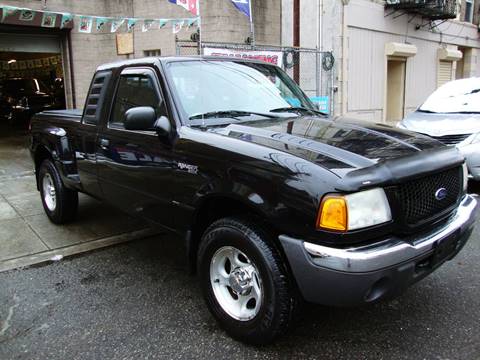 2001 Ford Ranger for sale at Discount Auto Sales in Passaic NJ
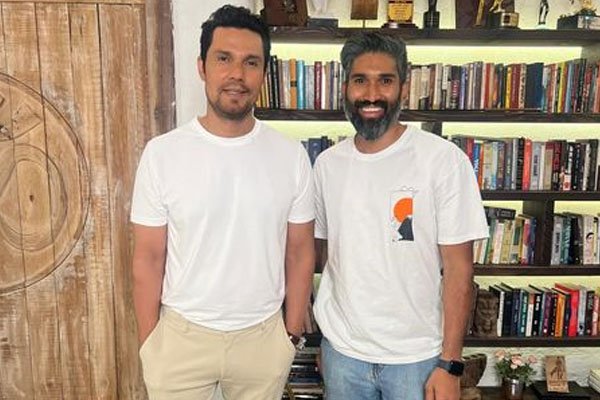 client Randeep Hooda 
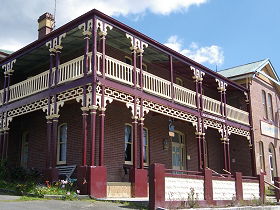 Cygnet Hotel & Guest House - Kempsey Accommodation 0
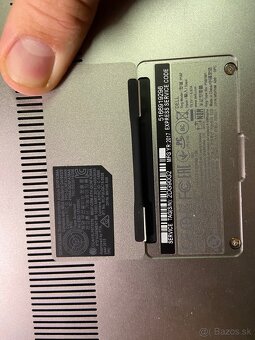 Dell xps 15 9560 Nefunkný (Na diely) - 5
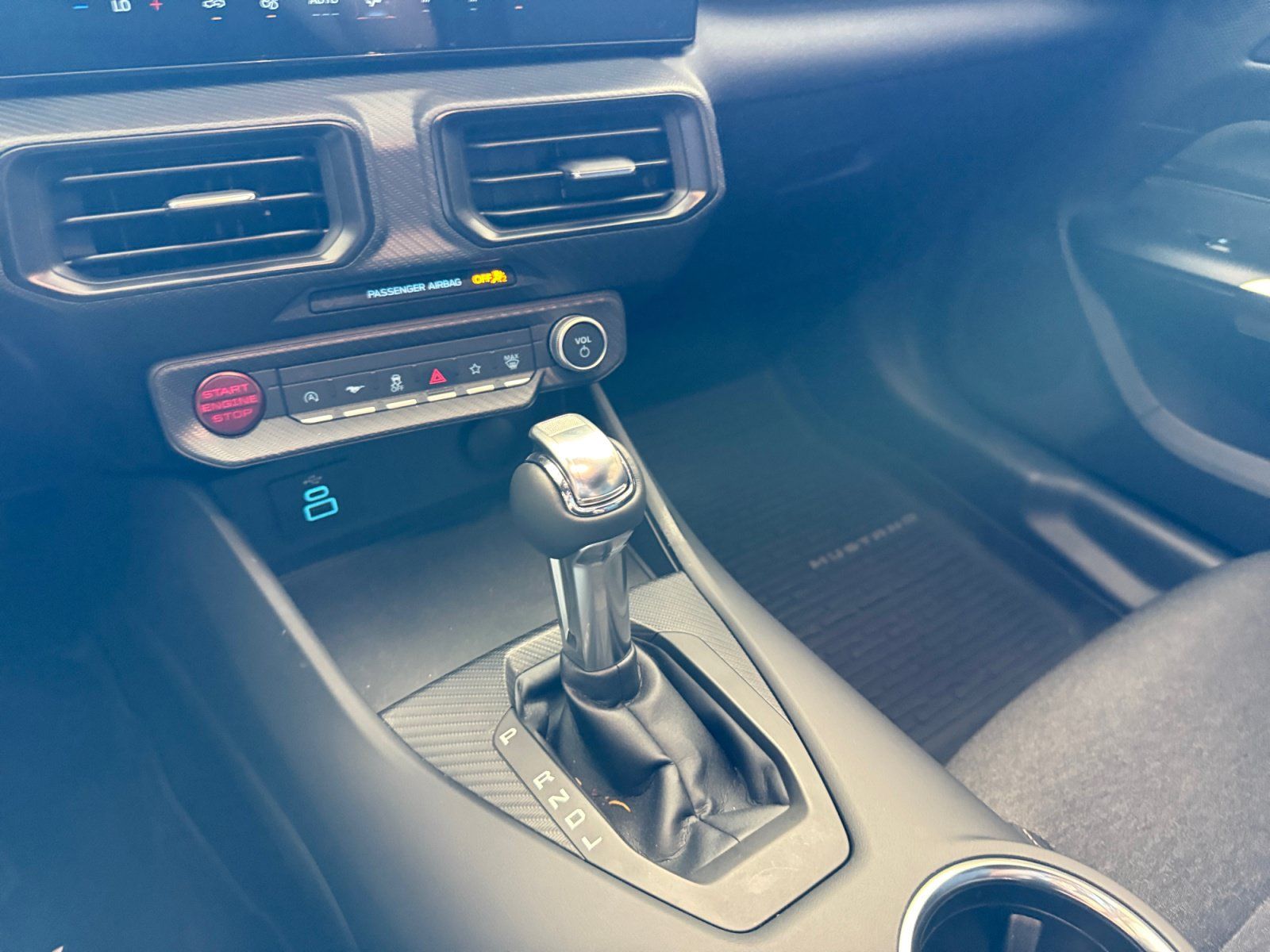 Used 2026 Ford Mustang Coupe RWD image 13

» Instructions to follow: Reproduce the records above exactly, leaving out every picture they contain.

» Completed task:
 2001 Ford Ranger for sale at Discount Auto Sales in Passaic NJ
 client Randeep Hooda 
 Cygnet Hotel & Guest House - Kempsey Accommodation 0
 Dell xps 15 9560 Nefunkný (Na diely) - 5
 Used 2026 Ford Mustang Coupe RWD image 13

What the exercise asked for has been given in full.